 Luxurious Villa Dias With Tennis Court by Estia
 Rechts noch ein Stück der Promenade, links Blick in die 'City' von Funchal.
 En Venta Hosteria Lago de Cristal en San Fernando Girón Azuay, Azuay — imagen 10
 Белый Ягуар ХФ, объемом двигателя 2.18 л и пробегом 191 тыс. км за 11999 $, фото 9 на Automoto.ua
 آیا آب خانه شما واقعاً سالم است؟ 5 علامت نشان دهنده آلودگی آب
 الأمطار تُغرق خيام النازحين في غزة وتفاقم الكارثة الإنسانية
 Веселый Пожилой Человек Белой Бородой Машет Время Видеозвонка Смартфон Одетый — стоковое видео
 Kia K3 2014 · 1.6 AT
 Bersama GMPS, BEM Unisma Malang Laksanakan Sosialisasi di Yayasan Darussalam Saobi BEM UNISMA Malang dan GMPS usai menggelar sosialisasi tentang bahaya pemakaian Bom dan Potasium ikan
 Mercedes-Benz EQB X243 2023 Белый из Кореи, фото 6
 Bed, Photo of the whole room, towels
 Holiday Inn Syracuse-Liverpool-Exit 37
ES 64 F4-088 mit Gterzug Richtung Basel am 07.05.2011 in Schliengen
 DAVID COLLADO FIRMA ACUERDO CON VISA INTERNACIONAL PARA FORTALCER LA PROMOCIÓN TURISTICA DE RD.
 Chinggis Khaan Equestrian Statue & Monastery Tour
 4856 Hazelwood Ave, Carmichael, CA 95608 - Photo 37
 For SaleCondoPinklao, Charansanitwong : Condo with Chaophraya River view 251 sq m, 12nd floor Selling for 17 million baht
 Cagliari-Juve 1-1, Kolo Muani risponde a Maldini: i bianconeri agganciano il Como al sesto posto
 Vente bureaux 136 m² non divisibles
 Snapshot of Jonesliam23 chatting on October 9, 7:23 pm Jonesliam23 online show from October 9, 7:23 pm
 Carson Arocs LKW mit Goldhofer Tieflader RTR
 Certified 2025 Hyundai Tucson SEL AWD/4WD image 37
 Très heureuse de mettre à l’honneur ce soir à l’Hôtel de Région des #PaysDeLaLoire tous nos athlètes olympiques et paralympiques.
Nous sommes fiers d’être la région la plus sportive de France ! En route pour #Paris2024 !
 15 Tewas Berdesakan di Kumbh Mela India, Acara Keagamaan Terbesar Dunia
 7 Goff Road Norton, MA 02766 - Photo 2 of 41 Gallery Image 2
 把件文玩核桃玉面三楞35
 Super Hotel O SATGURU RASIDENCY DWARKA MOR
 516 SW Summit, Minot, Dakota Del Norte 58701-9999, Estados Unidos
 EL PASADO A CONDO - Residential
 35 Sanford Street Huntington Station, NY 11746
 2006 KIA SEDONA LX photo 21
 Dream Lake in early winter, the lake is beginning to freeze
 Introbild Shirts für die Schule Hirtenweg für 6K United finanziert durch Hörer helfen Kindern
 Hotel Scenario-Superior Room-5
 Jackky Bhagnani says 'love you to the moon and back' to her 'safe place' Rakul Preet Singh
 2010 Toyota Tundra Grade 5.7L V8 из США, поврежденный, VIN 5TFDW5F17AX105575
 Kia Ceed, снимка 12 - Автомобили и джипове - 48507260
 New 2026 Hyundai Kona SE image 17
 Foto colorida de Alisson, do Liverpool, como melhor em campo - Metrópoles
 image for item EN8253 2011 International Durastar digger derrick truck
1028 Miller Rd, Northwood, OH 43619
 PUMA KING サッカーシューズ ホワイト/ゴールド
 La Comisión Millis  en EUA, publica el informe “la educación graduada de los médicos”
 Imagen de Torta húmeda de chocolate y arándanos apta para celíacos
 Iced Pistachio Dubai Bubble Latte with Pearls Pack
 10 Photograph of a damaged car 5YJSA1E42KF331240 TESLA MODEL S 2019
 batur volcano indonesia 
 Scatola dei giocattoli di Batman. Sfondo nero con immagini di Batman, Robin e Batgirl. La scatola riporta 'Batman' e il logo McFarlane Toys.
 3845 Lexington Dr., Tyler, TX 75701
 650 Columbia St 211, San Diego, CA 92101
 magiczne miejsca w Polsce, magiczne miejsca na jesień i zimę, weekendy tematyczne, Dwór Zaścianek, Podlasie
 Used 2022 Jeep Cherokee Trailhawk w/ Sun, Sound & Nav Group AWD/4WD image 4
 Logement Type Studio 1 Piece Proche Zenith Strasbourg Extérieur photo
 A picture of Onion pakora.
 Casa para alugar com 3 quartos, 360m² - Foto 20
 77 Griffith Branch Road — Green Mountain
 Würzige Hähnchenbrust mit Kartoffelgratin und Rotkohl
________
Exercise: Wherever a line above contains the string "Hyundai", copy that line.

Task solution:
 Certified 2025 Hyundai Tucson SEL AWD/4WD image 37
 New 2026 Hyundai Kona SE image 17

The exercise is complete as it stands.